A dazzling Hubble collection of supernova host galaxies. Credit: NASA, ESA, Adam G. Riess (STScI, JHU)

Dark energy, cosmic mile markers, and the surprising expansion of the universe

In 1929, astronomer Edwin Hubble first discovered that the universe is expanding. Nearly 100 years later, scientists use the Hubble Space Telescope to study an even more surprising phenomenon: the expansion is speeding up, perhaps in response to a mysterious, unexplained "dark energy" filling the universe. On June 7, Nobel laureate Adam Riess will describe how his team discovered the acceleration of the universe and why understanding the nature of dark energy presents one of the greatest remaining challenges in astrophysics and cosmology.

Adam Riess

Riess, the Bloomberg Distinguished Professor and Thomas J. Barber Professor of Physics and Astronomy at Johns Hopkins University, a distinguished astronomer at the Space Telescope Science Institute, and a member of the National Academy of Sciences, will deliver a public lecture, “The Surprising Expansion History of the Universe,” on Tuesday, June 7, in Graham Chapel at 7 p.m. The event is part of the 15th International Conference on Interconnections between Particle Physics and Cosmology, which is organized by the Department of Physics at Washington University in St. Louis with support from the McDonnell Center for the Space Sciences and Arts & Sciences.

Riess leads a scientific collaboration called SHOES — or Supernova, H0, for the Equation of State of Dark Energy — that investigates the universe's expansion rate. His research involves measurements of the cosmological framework with supernovae (exploding stars) and Cepheids (pulsating stars), which serve as “cosmic mile markers” for scientists probing the origin of cosmic acceleration.
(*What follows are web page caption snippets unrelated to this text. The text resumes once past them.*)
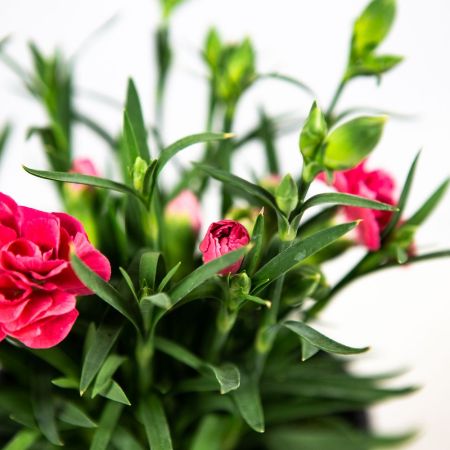 Гвоздика Sunflor р12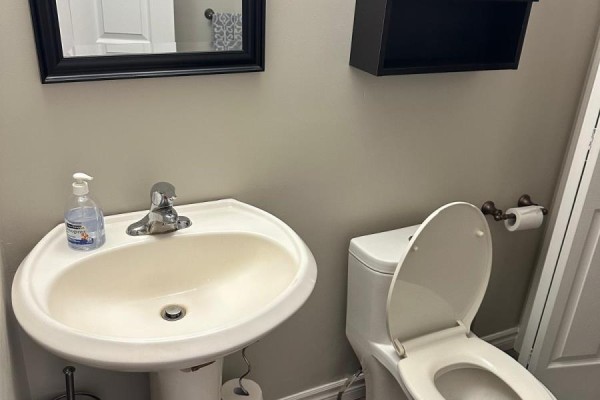 Pedestal sink, toilet, and black medicine cabinet - 100 Southview Court Woodstock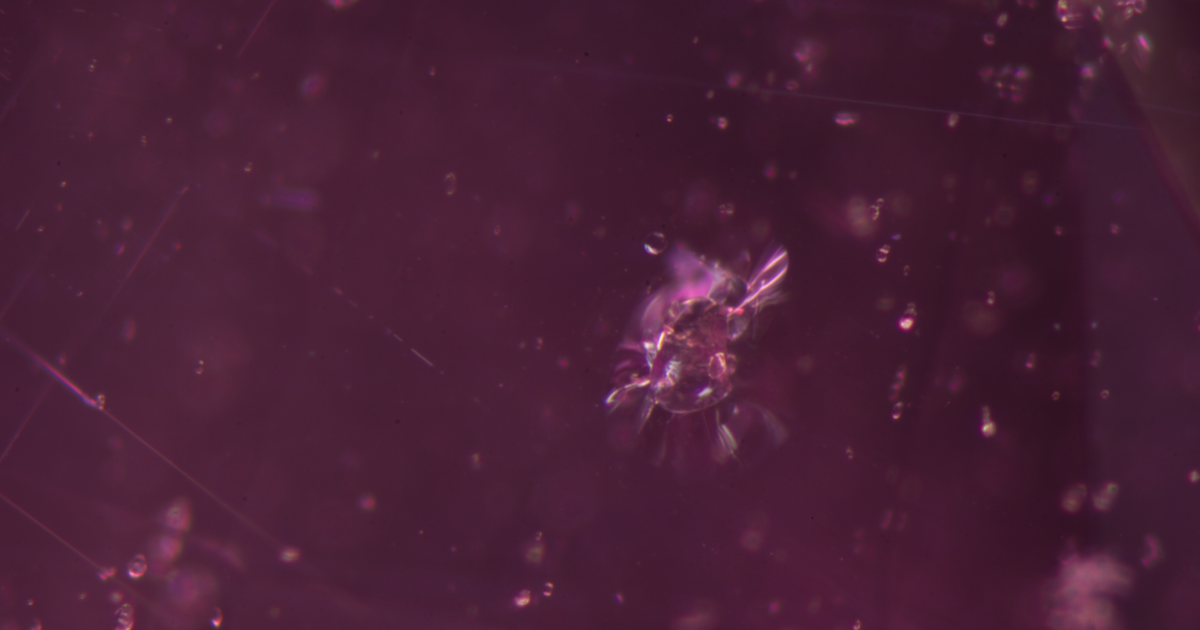 The Intriguing World of Zircon Inclusions in Madagascar Sapphires.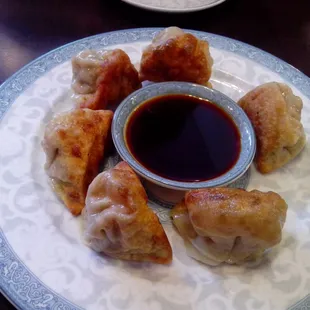 Pan fried pork dumplings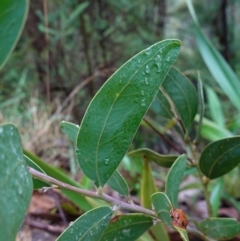 Acacia obliquinervia (Mountain Hickory) at Namadgi National Park - 12 Jun 2024 by RobG1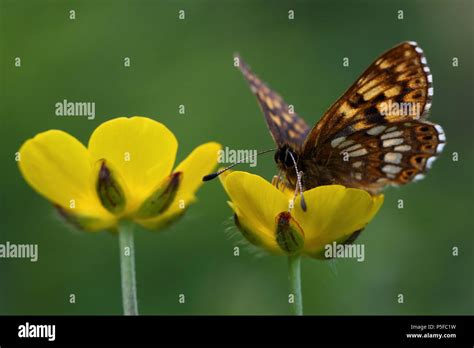 Duke of Burgundy Butterfly Stock Photo - Alamy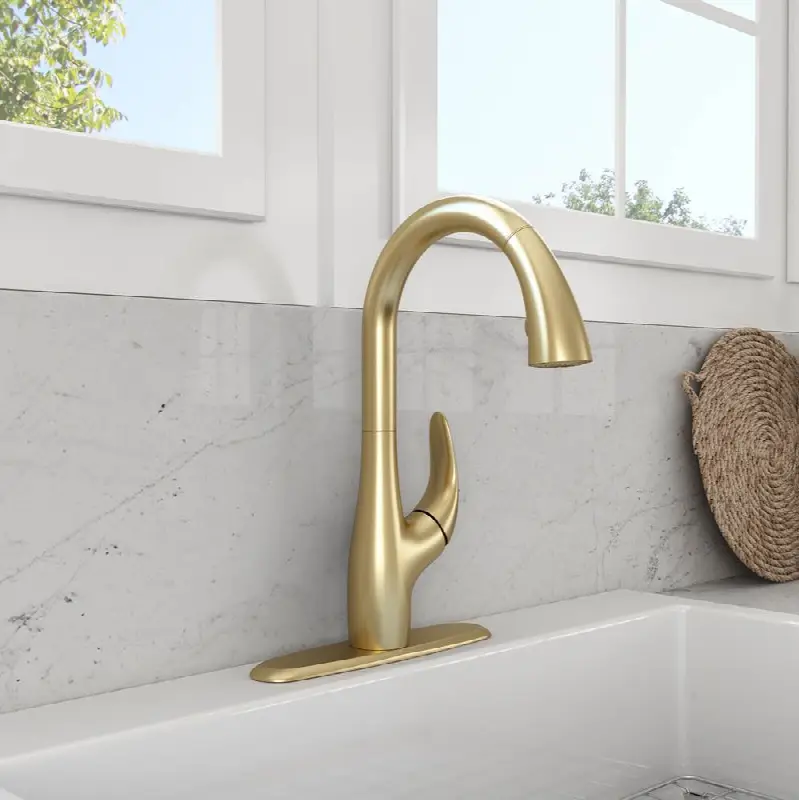 Pagano 2.0 Pull-Down Kitchen Faucet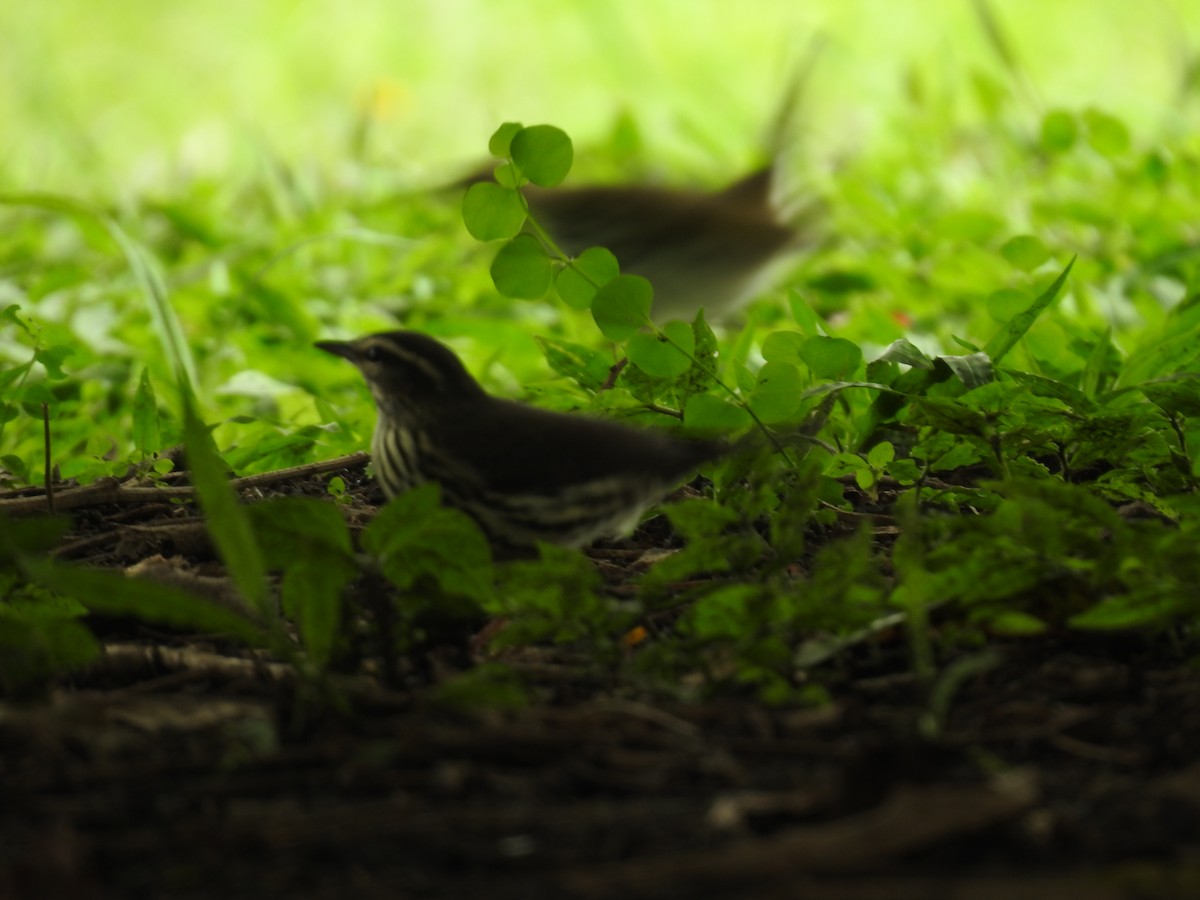 Northern Waterthrush - ML644254408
"I don't care what the expansion value is specifically, but I like to use it to learn about the universe," Riess said in a recent news release from NASA on the biggest and likely last major update on the Hubble constant, which Riess referred to as “Hubble’s magnum opus.”

As part of his distinguished lecture at WashU, Riess will also discuss evidence that the universe continues to defy his and other scientists’ best efforts to predict its behavior.
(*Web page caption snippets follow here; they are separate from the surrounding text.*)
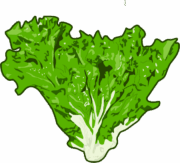 サラダによく使われる新鮮なレタスのイラスト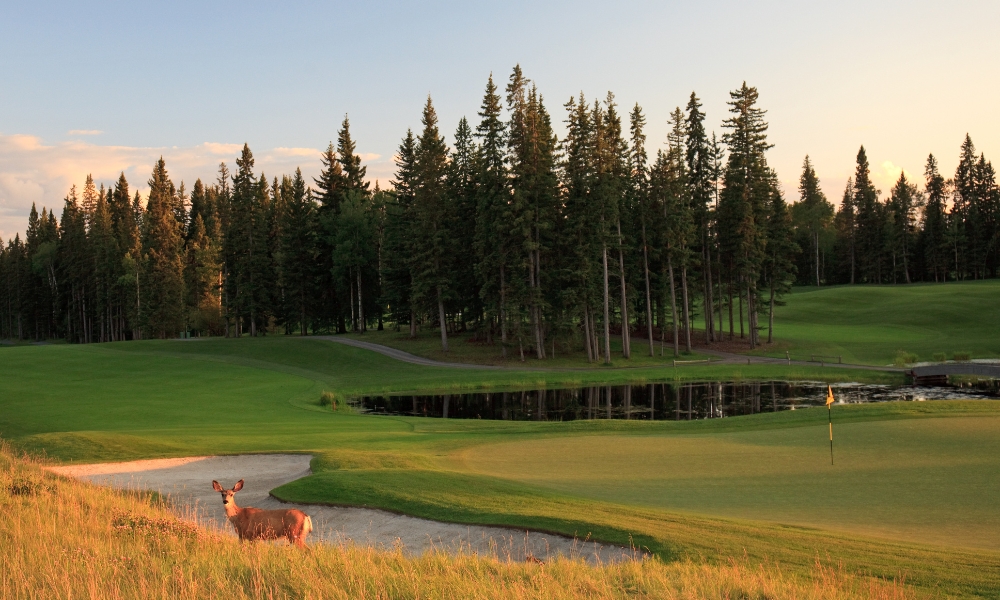 Website_Gallery_-_Raven_(10)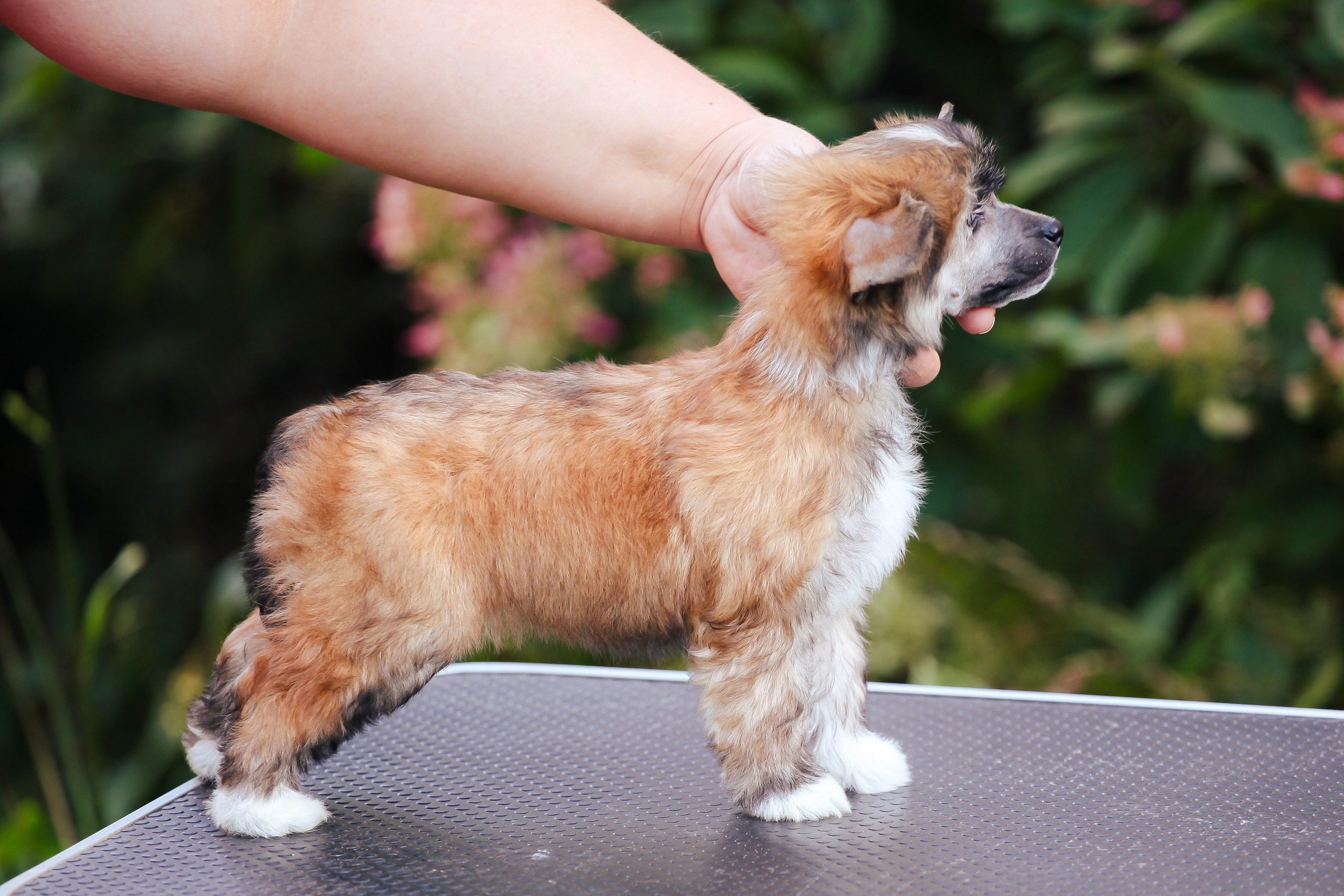 Poale Ell Chester Becomes a Dad for the First Time. Chinese Crested Dog Kennel Poale Ell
In 2011, Riess was named a co-winner of the Nobel Prize in Physics and was awarded the Albert Einstein Medal for his leadership in the High-z Supernova Search Team’s discovery that the expansion rate of the universe is accelerating. The discovery was named by Science magazine in 1998 as "the Breakthrough Discovery of the Year." His accomplishments have been recognized with a number of other awards, including a MacArthur Fellowship in 2008, the Gruber Foundation Cosmology Prize in 2007 (shared), and the Shaw Prize in Astronomy in 2006.